Thoughts. Experiences. Inspiration.

Lord of Death

July 4, 2011 0

(From a text)

At the end of a long meeting yesterday, I had a little surprise to perk me up after what had been a very exhausting night.

If you ask me what I like in this world, if you ask me what I am good at in this world, or what I am interested in, there’s not much I can say that I really like or I am okay at apart from Dharma. I love my Lama, and I love what I do even if sometimes my mind gets the better of me.

Oh yes, I know it sounds all so YSG (a Rinpoche-abbreviation for “you’re so good”, a sarcastic term referring to people attempting to portray they are oh-so holy) but it’s true.

I have my list of cravings – I like ang moh men, soy lattes, reading, pretty pictures, gossip magazines, lying in bed watching a DVD, new technology, aimlessly surfing the Internet – but at the end of the day, I’m a greedy little so-and-so when it comes to Dharma gifts!

And that’s the beauty of Rinpoche’s teachings. Rinpoche is always telling us we don’t have to give up who we are when we become Buddhist; all we do is change our motivation for wanting it all, and become better, kinder versions of ourselves.

So yesterday, when my mind was scattered and my eyes had lost all sense of coordination, Yamantaka was sent to blow my mind away. Excitement set in, and then I went home feeling calm and happy.

For so wrathful a deity, when I see him, I see the love of a father for their child – he really knows how to make me feel at peace and at ease.

How does Yamantaka terminate death?

This question depends upon the meaning ascribed to the term death – but one way in which this ability can be identified is through the enlightening activity of wisdom. The wisdom mind is able to perceive that death has no intrinsic, concrete existence: our understanding of death emerges solely from the conventions of the world. Also, when we achieve the same realisation of Yamantaka – who is a Buddha – then we have transcended death.

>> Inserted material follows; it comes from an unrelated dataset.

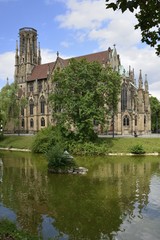 Fototapeta na wymiar Johannes kościół i jezioro ognia, Stuttgart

There are three types of death spoken of in the Yamāntaka Tantra : Outer death is the regular end of life, which is embodied by Yama, Lord of Death, who resides in the south, seven stories under the earth. The inner death is ignorance of the true nature of non-dual reality. Instinctive habitual grasping and aversion to objectively “real” objects and subjects arises from this ignorance. The secret death is dualistic appearance on the subtlest level of clear light mind and illusory body. With the practice of Yamāntaka one overcomes those types of death and gains immortality as a Buddha.